A crise de migrantes na fronteira entre a Polónia e a Bielorrússia está estreitamente ligada à agudização de relações entre a Rússia e a União Europeia, não obstante o Presidente Putin frisar que o seu país nada tem a ver com isso.
Numa entrevista ao canal de televisão “Rossia 24”, o dirigente russo fez afirmações falsas a fim de justificar a política do seu protegido, o ditador bielorrusso Alexandre Lukachenko.
Ao responder à pergunta do entrevistador a propósito das declarações que Lukachenko fizera na quinta-feira sobre a possibilidade de cortar o fornecimento de gás russo à União Europeia através do gasoduto que atravessa o território bielorrusso, Putin declarou que estava a ouvir falar disso pela primeira vez.
“Conversei duas vezes com Alexandre Grigorievitch [Lukachenko] nos últimos tempos, ele não me falou nada disso, nem sequer insinuou. Talvez possa fazer isso. Embora nisso não haja nada de bom e claro que irei conversar com ele sobre isso” – acrescentou o dirigente russo, sublinhando que “semelhantes actos prejudicariam o sistema energético europeu e não ajudaria o desenvolvimento das relações entre a Rússia e a Bielorrússia. Além disso, seria uma violação do contrato de trânsito”.
Seria ridículo acreditar que aos ouvidos do dirigente russo não tivessem chegado as ameaças de chantagem feitas por Lukachenko que provocou uma reacção imediata da União Europeia. Mas Putin gosta de se apresentar como um político cumpridor de compromissos, uma espécie de “salvador misericordioso” num momento em que a Europa precisa de gás.
Outra das mentiras que o dirigente russo nos tenta impingir consiste no facto de a Rússia não ter nada a ver com a crise de imigrantes na fronteira bielorrusso-polaca.
Quando Angela Merkel, chanceler interina alemã, telefonou a Putin para conversar sobre a crise dos refugiados, este mandou-a ir falar directamente com o ditador bielorrusso. Um conselho envenenado com um objectivo claro: ao começar conversações com os dirigentes europeus, Lukachenko irá ver nisso o reconhecimento da sua legitimidade enquanto presidente da Bielorrússia.
Os factos mostram que o ditador bielorrusso não ousaria organizar provocação após provocação “sem ter as costas quentes”.
“Eu digo a Putin: o principal é que tu não hesites. Se surgirem dificuldades, quero saber que por detrás de mim está o irmão mais velho, que não permitirá que façam mal ao mais novo. Nada mais é preciso”, afirmou Lukachenko numa entrevista à revista russa “Natzionalnaya oborona”.
É verdade que, até agora, Putin não tem hesitado. Desde o primeiro momento que Moscovo apoia a política de Lukachenko com vista a transformar a Bielorrússia num corredor de passagem de migrantes ilegais.

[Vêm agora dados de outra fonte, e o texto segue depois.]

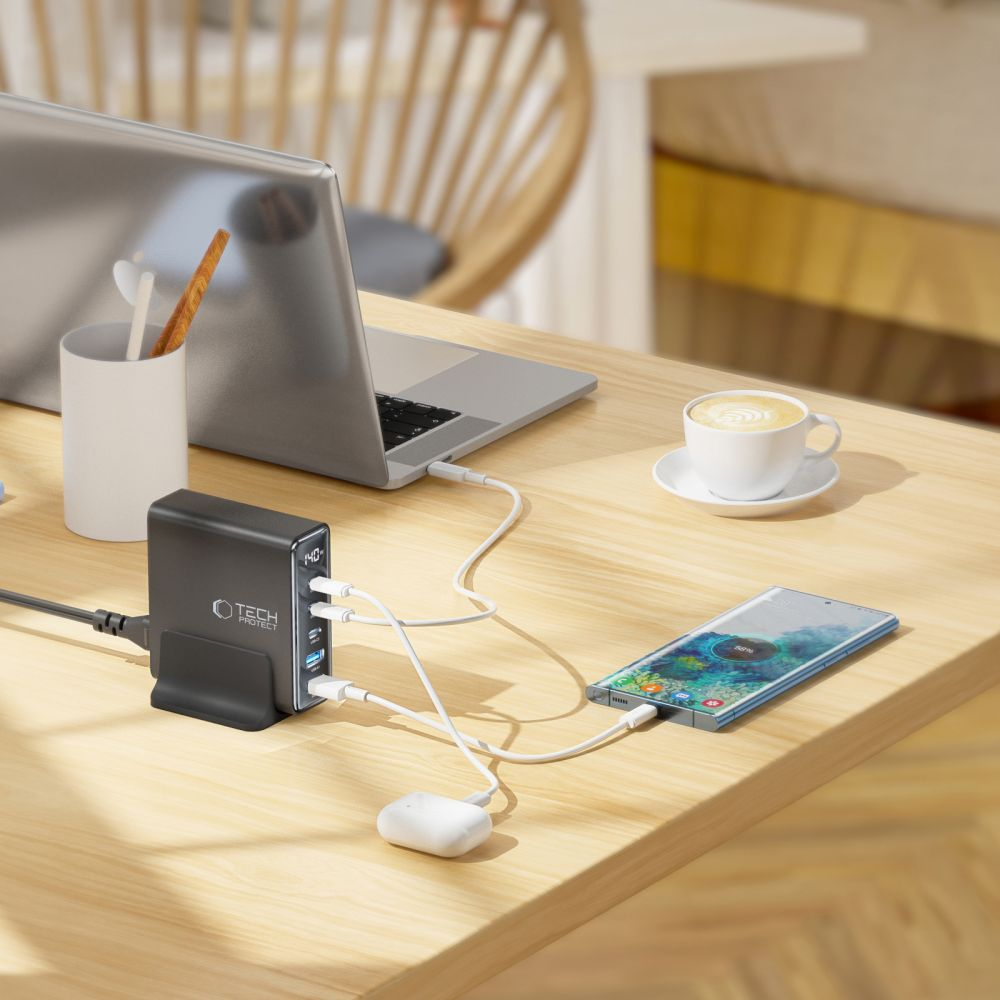 Un bureau avec un ordinateur portable, un chargeur, un téléphone, une tasse de café et une station de charge. Le téléphone se charge. L'ordinateur portable est connecté.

Na citada entrevista, o autocrata russo diz que uma das razões da entrada de migrantes na Bielorrússia se deve ao facto de não ser necessário visto para entrar nesse país, o que é completamente falso. O negócio dos vistos tem trazido bons dividendos aos cofres de Minsk.
Putin volta a afirmar que a Rússia não é parte do conflito no Donbass entre separatistas pró-russos e o governo da Ucrânia, mas o facto é que eles não sentem falta de armamento ligeiro e pesado, de armas capazes de abater aviões civis. E essas armas são de fabrico russo e só podem entrar no Donbass a partir do território russo.
O Kremlin ainda não chegou ao ponto de anexar a Bielorrússia, nem partes do território deste país, como fez com o Donbass, mas o que leva as suas tropas a realizarem manobras em território bielorrusso, perto da fronteira com a Polónia? A morte de dois paraquedistas russos e os voos de aviões militares russos perto das fronteiras com a Polónia, Letónia, Lituânia e Estónia não serão provas do envolvimento directo do Kremlin nas provocações montadas por Lukachenko?
Não é demais repetir que a União Europeia tem culpas nas crises de migração, pois, juntamente com os Estados Unidos, tiveram na origem de conflitos que continuam a provocar ondas de refugiados do Afeganistão, Médio Oriente e Norte de África. Por isso tem de arranjar soluções para o problema com base nos princípios humanitários internacionais.
Porém, a União Europeia não deve ceder a chantagem de políticos que querem transformar os refugiados numa arma da sua destruição. Não é segredo para ninguém que o Kremlin aposta no reforço das forças da extrema-direita europeia a fim de semear a discórdia e o caos no seio da UE. Ora as crises de refugiados é uma das partes mais importantes dessa aposta. Se os membros da União Europeia não souberem actuar em uníssono nesta “guerra híbrida” declarada por Putin, o seu futuro estará em perigo.